■ DESCRIPTION OF THE TASK ■
What needs transcribing is the line with "سند طابو صرف" and every line after it to the end of the records, exactly and alone, with no pictures.

■ DATA SECTION ■
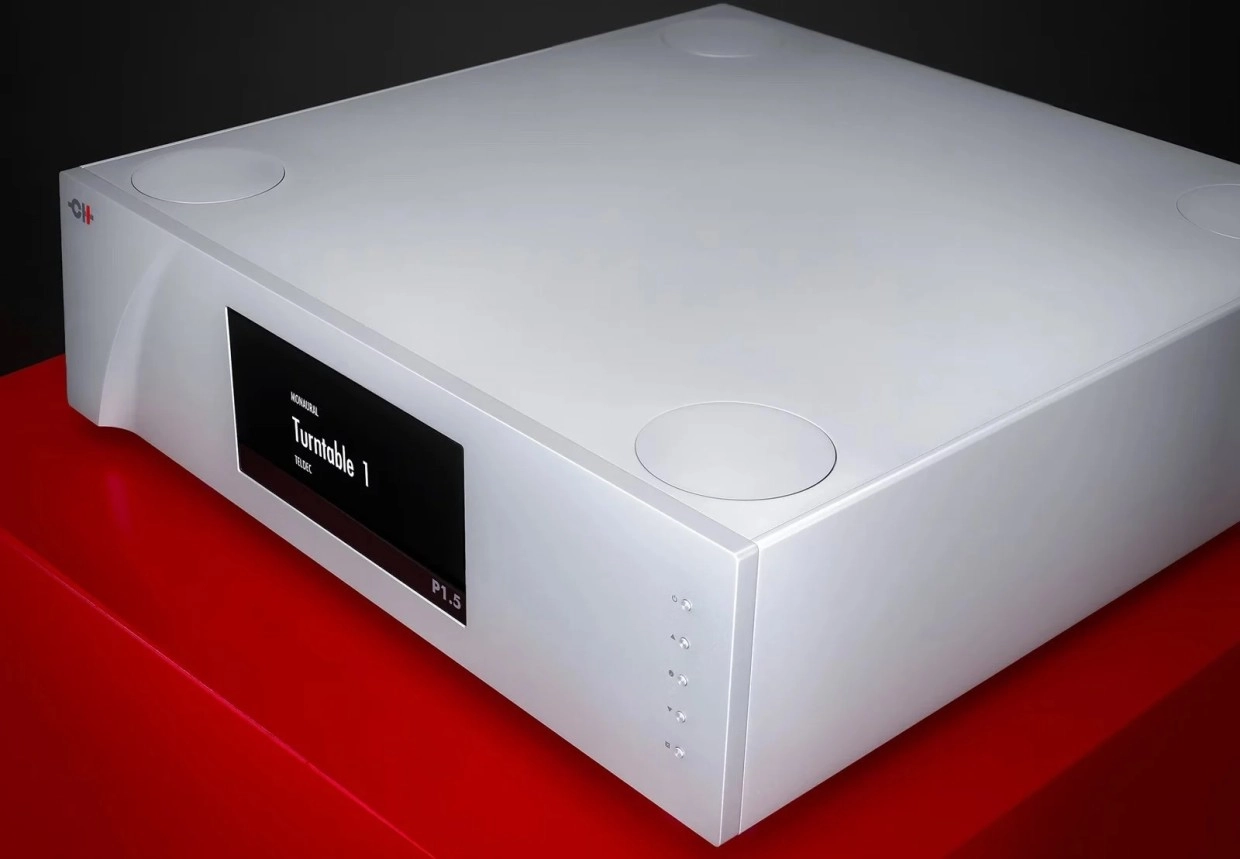 Inside CH Precision’s P1.5 and L1.5 Preamp Redesigns 23 Closed CH Precision P1.5 in silver finish displaying Turntable 1 on its front screen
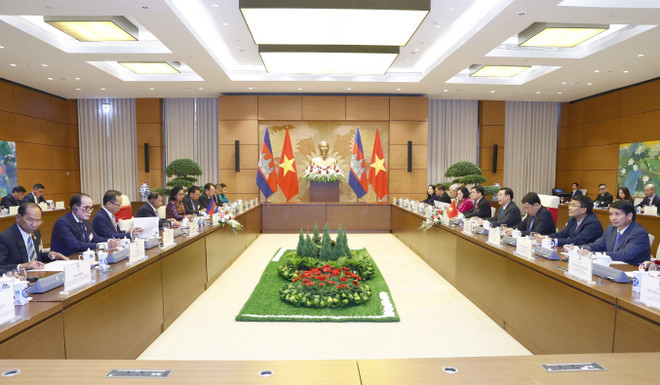 Chủ tịch Quốc hội đón, hội đàm với Chủ tịch Thượng viện Campuchia ảnh 2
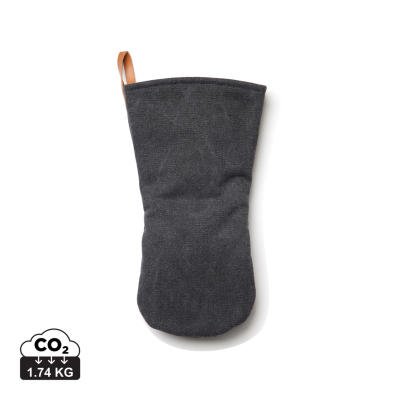 Picture of VINGA ASADO OVEN MITT in Black.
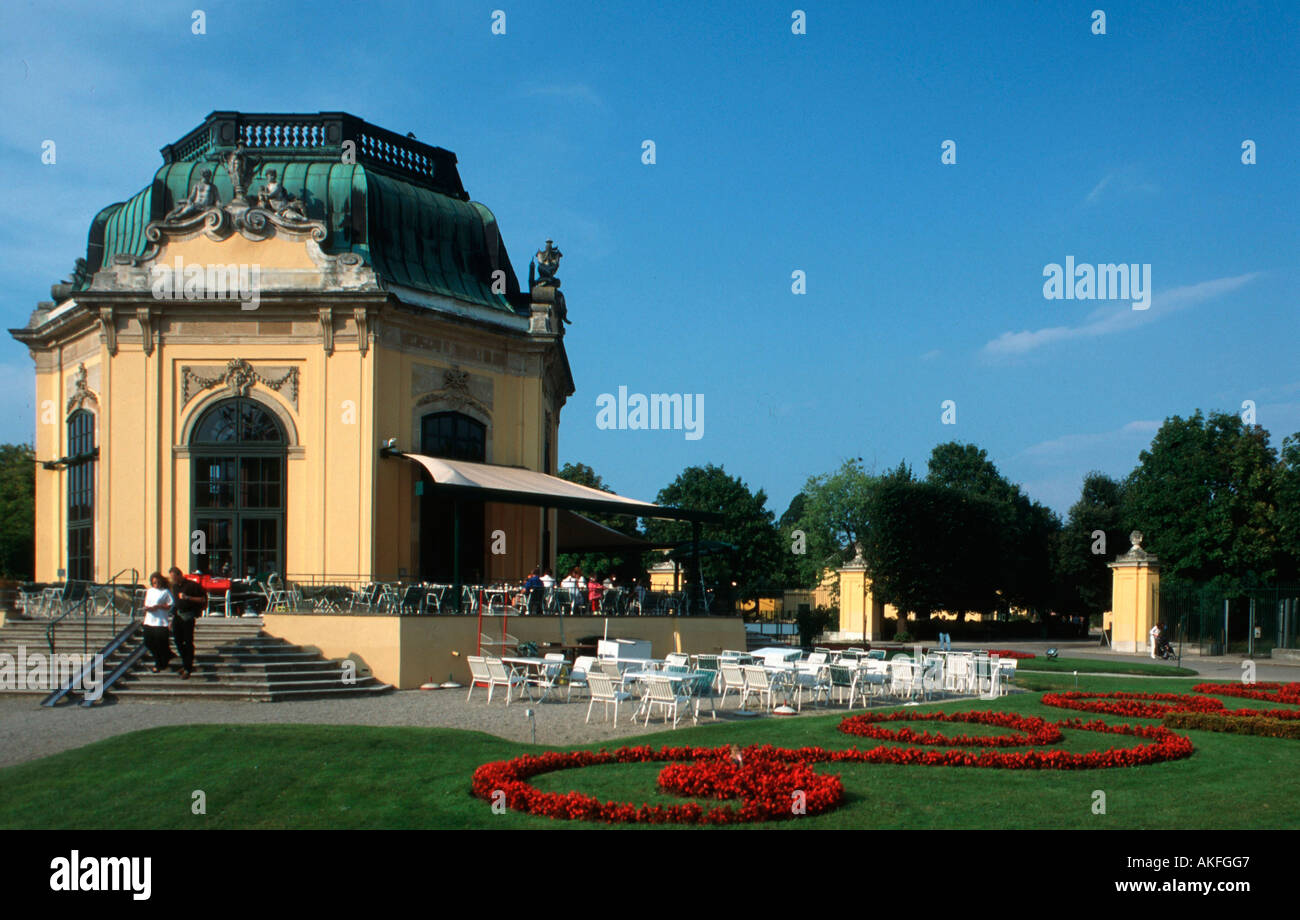 Wien 13, Schönbrunn, Tiergarten, der ehem. kaiserliche Frühstückspavillon, heute ein Café-Restaurant Stock Photo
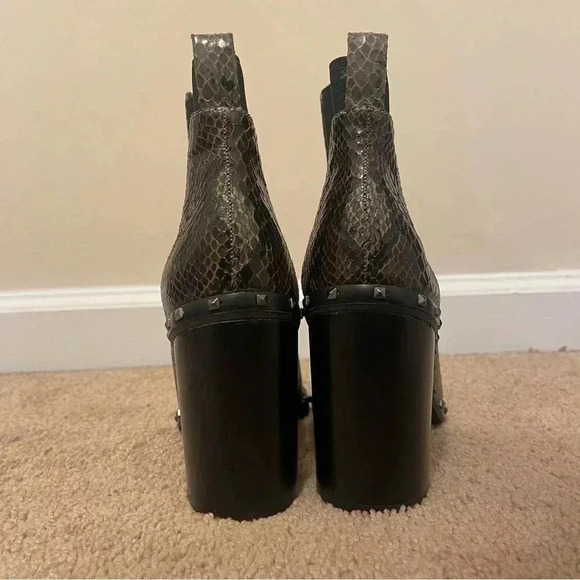 Dodger Snakeskin-Print Chelsea Boots 🔥 gunmetal-tone stud accents Size 9.5 - Picture 7 of 10
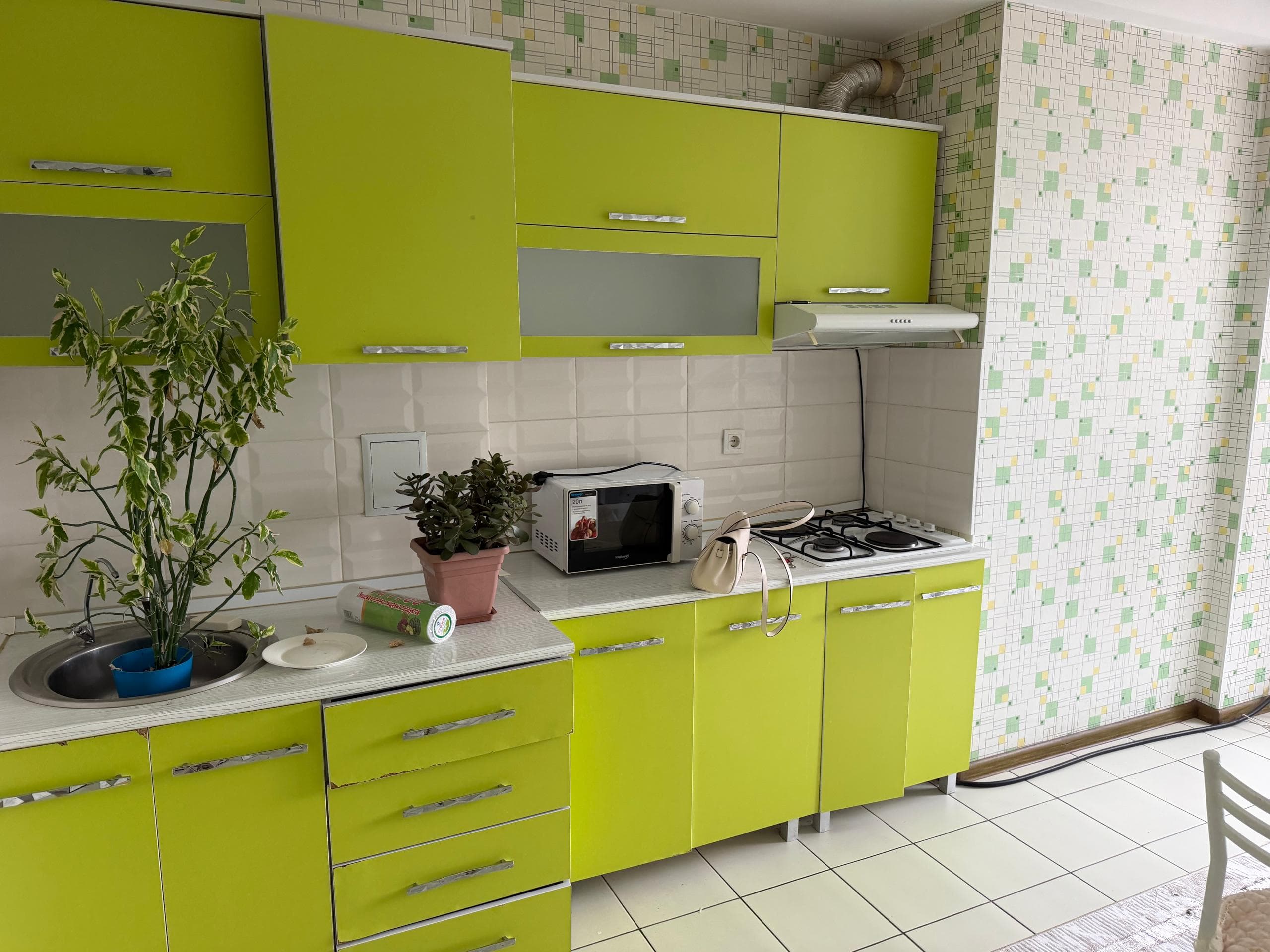Элитка, 2 ком, 75 м2, этаж 25/8, Сост: Хорошее - фото 1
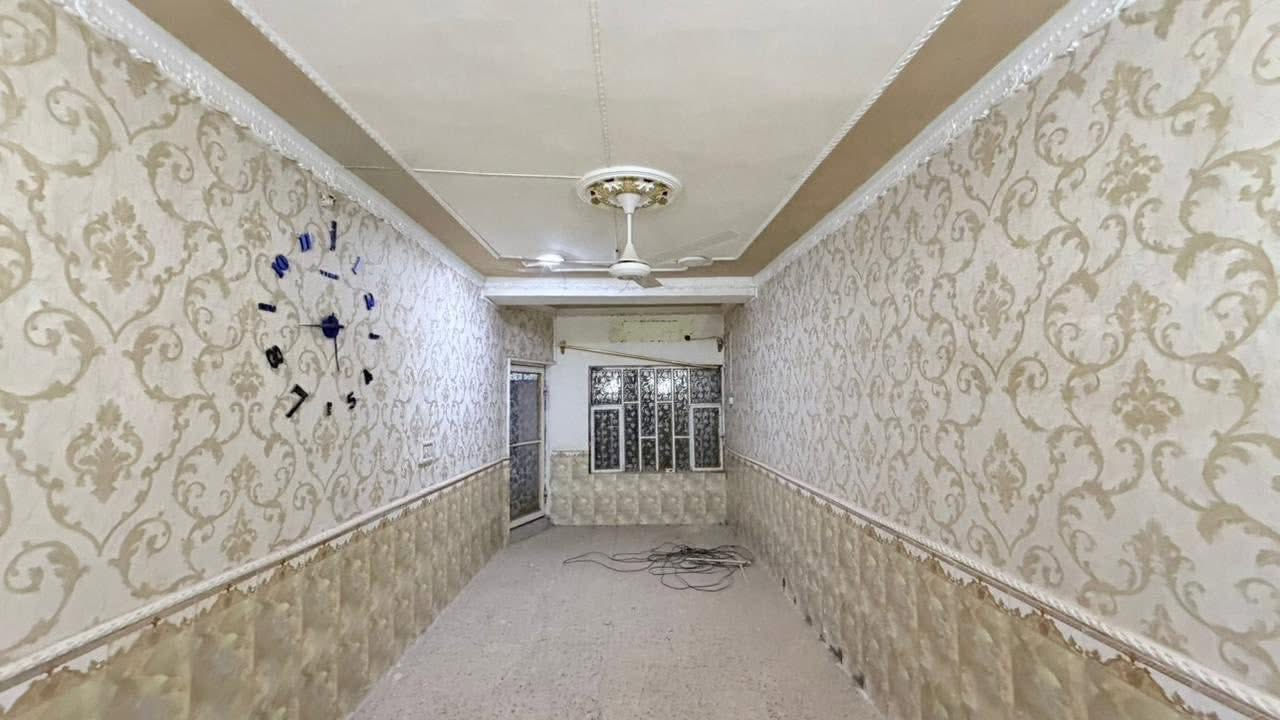 دار سكن –
📄 سند طابو صرف
📍 حي العسكري – البدعة

◾ المساحة: 200 متر
◾ الطابقين:
 • 6 غرف نوم
 • صالتين
 • مطبخ
 • حمام
 • طارمة
السعر 115
#عقارات_الشطرة #الدناني_للعقار


**إذا كنت صاحب هذا الإعلان وتريد حذفه لأي سبب، رجاءا أرسل رسالة إلى الدعم الفني**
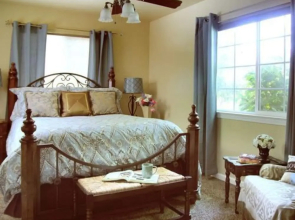Meritage Cottage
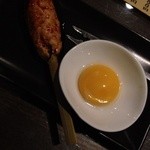 焼鳥 Ajito - 月見つくねタレ。黄身が目玉焼きに見える皿。可愛い。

■ ANSWER BELOW ■
📄 سند طابو صرف
📍 حي العسكري – البدعة

◾ المساحة: 200 متر
◾ الطابقين:
 • 6 غرف نوم
 • صالتين
 • مطبخ
 • حمام
 • طارمة
السعر 115
#عقارات_الشطرة #الدناني_للعقار


**إذا كنت صاحب هذا الإعلان وتريد حذفه لأي سبب، رجاءا أرسل رسالة إلى الدعم الفني**
Meritage Cottage
 焼鳥 Ajito - 月見つくねタレ。黄身が目玉焼きに見える皿。可愛い。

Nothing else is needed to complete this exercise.